Web page caption snippets:
::::::
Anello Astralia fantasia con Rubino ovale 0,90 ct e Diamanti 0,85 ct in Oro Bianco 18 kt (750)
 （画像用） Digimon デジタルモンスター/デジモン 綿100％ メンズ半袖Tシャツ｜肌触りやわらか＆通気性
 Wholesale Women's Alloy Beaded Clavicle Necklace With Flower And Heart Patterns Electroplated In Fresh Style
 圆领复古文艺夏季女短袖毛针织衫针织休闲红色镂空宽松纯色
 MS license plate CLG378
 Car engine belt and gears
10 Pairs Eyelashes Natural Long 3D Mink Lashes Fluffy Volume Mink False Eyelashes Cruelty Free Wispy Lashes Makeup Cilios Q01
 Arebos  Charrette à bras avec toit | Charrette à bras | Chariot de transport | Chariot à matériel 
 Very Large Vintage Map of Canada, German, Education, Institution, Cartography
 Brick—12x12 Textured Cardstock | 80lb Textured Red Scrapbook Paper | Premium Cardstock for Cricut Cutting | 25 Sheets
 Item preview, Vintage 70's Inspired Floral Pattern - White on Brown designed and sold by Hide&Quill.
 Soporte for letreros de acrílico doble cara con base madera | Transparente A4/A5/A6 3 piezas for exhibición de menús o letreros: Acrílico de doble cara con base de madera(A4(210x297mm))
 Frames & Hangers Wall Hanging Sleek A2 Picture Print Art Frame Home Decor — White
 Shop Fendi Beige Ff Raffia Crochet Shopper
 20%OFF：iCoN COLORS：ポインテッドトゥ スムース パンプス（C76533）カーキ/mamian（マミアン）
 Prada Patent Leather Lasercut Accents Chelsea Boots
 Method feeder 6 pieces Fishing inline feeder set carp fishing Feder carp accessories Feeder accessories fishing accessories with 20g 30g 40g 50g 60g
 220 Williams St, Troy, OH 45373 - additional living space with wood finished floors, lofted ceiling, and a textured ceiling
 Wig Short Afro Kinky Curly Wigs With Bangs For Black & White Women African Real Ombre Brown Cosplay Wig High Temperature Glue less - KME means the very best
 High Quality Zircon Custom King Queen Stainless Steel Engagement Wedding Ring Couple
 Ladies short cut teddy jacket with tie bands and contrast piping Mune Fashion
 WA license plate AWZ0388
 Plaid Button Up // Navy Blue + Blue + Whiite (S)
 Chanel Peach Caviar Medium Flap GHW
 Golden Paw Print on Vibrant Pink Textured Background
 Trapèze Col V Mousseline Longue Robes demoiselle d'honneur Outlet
::::::
**WORK TASK:**
Reprint exactly the lines above that start at the one with "Shop Fendi Beige Ff Raffia Crochet Shopper" and end at the one with "Method feeder 6", keeping both and adding none.

**REPLY TO THE EXERCISE:**
 Shop Fendi Beige Ff Raffia Crochet Shopper
 20%OFF：iCoN COLORS：ポインテッドトゥ スムース パンプス（C76533）カーキ/mamian（マミアン）
 Prada Patent Leather Lasercut Accents Chelsea Boots
 Method feeder 6 pieces Fishing inline feeder set carp fishing Feder carp accessories Feeder accessories fishing accessories with 20g 30g 40g 50g 60g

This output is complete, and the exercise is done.